By increasing the exponent of the feature map, we measure higher-order correlations between the data points, thus obtaining a finer similarity measure, at the cost of increased risk of over-fitting.

Sinking the error ship in a sea of dimensions
We started by using optical random features in a kernel ridge regression (KRR) setup: we projected the data using the OPU, then we performed penalized linear regression in the new space. We used the Fashion-MNIST dataset and compare optical random features of different exponents to the commonly used RBF random features. We projected the data up to dimension 10⁵ and plotted the classification error as a function of the projection dimensions (Figure 2). The exact kernel accuracies for the RBF and the Optical (m=2) kernels are reached at dimension D=100.000.

Figure 2: Ridge Regression test error on Fashion MNIST for different RFs and projection dimensions D. Horizontal lines show the test error using the true kernel. Standard deviations for different seeds are negligibly small and not shown in the plot. Plot (a) compares optical RFs of degree m=2 to RBF Fourier RFs. Higher degree optical RFs are left out for better readability.

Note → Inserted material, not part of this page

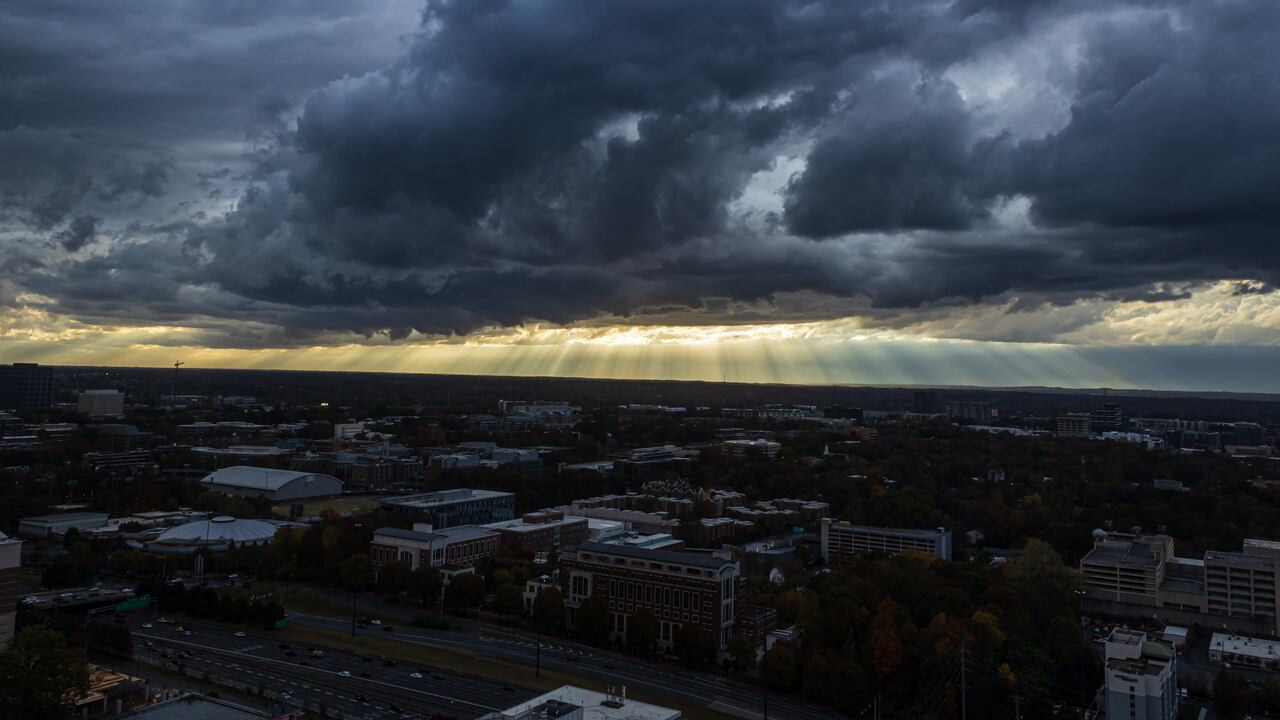 Sunbeams shine through dark, ominous storm clouds over midtown Atlanta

The more slowly converging optical RFs for m=4 are added for larger D in plot (b).
Convolutional neural networks (CNNs) are best suited for image classification, therefore we turned to transfer learning. We combined the power of CNNs and of the random features to increase the accuracy of a simple CNN by replacing the last dense layer of common pre-trained networks by a kernel ridge regression classifier, where the random projection is performed using the OPU. We projected to dimension 10⁴ using the OPU. In architectures with a smaller final layer (e.g. ResNet34, d =512 ), we obtained an increase in accuracy of more than 2.4% . With a final layer size of the order of the projection dimension, we conserved the same accuracy (e.g. AlexNet, d = 9216 ). However, when the projection dimension is smaller than the size of the final layer (e.g. VGG16, d =25088 ), it acts as a non-linear compression, potentially decreasing the accuracy. Therefore, there is a trade-off to be found between speedup and machine learning performance.

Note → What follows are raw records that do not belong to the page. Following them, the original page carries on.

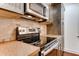 Kitchen featuring stainless steel appliances and granite countertops with natural stone backsplash at 2930 Torreya Se Way, Marietta, GA 30067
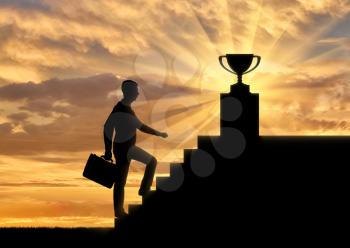 A silhouette of a businessman climbs the stairs to the trophy. Business concept leader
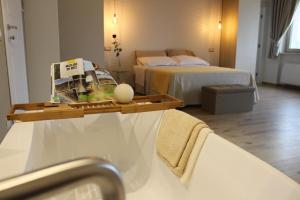 a hotel room with two beds and a bath tub at LE CANONICHE NEL MATESE ALBERGO DIFFUSO in San Massimo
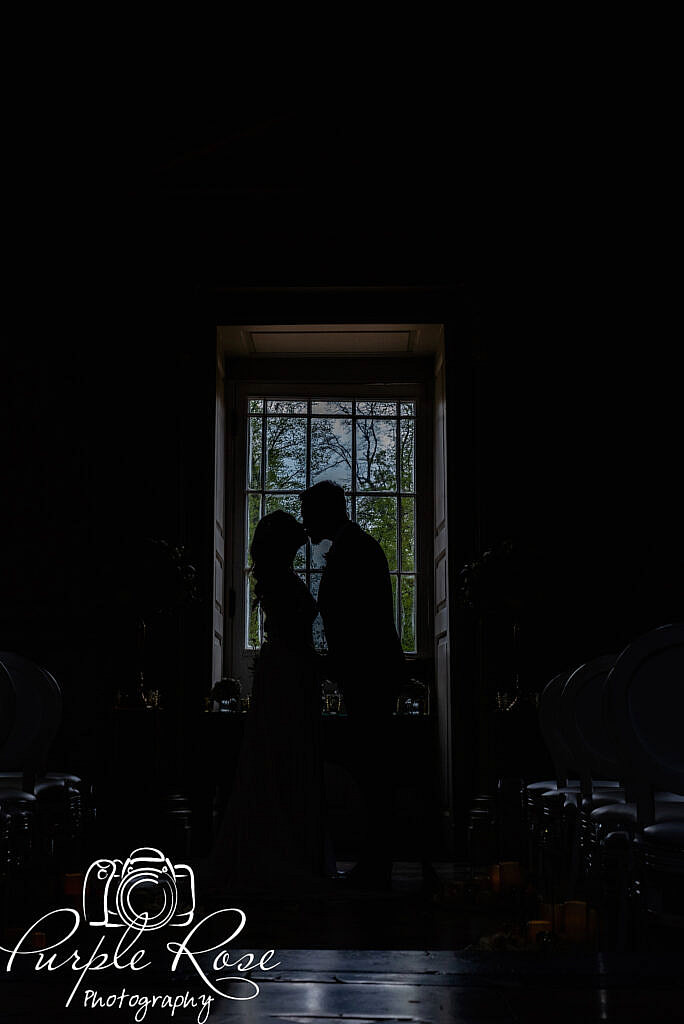 Silhouette of bride and groom in front of a large window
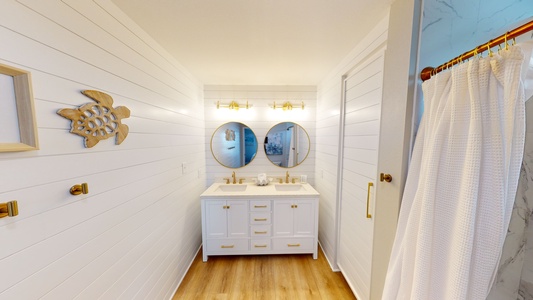 The master bedroom has a private bathroom with a double vanity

The light energy consumption of light computation
Figure 3: Time and energy spent on computing a matrix multiplication (n ,D) × (D,D). The batch size n is 3000 (solid line) or 1000 (dotted line). The OPU is compared to an NVIDIA P100 GPU.
In Figure 3, we compare the energy consumption of the OPU with respect to the GPU. The energy consumption of the optical processing is independent of the input and output dimension and is about 45 J (30W times 1.5 seconds). The GPU consumes more energy when increasing the projection dimension, up to 7× (~315 J ) more than the OPU at D=56.000 , where the GPU hits the memory limit.

A factor 7× in energy consumption is the difference between the energy required to lift a suitcase or a washing machine up two floors (~450J vs ~3150 J )!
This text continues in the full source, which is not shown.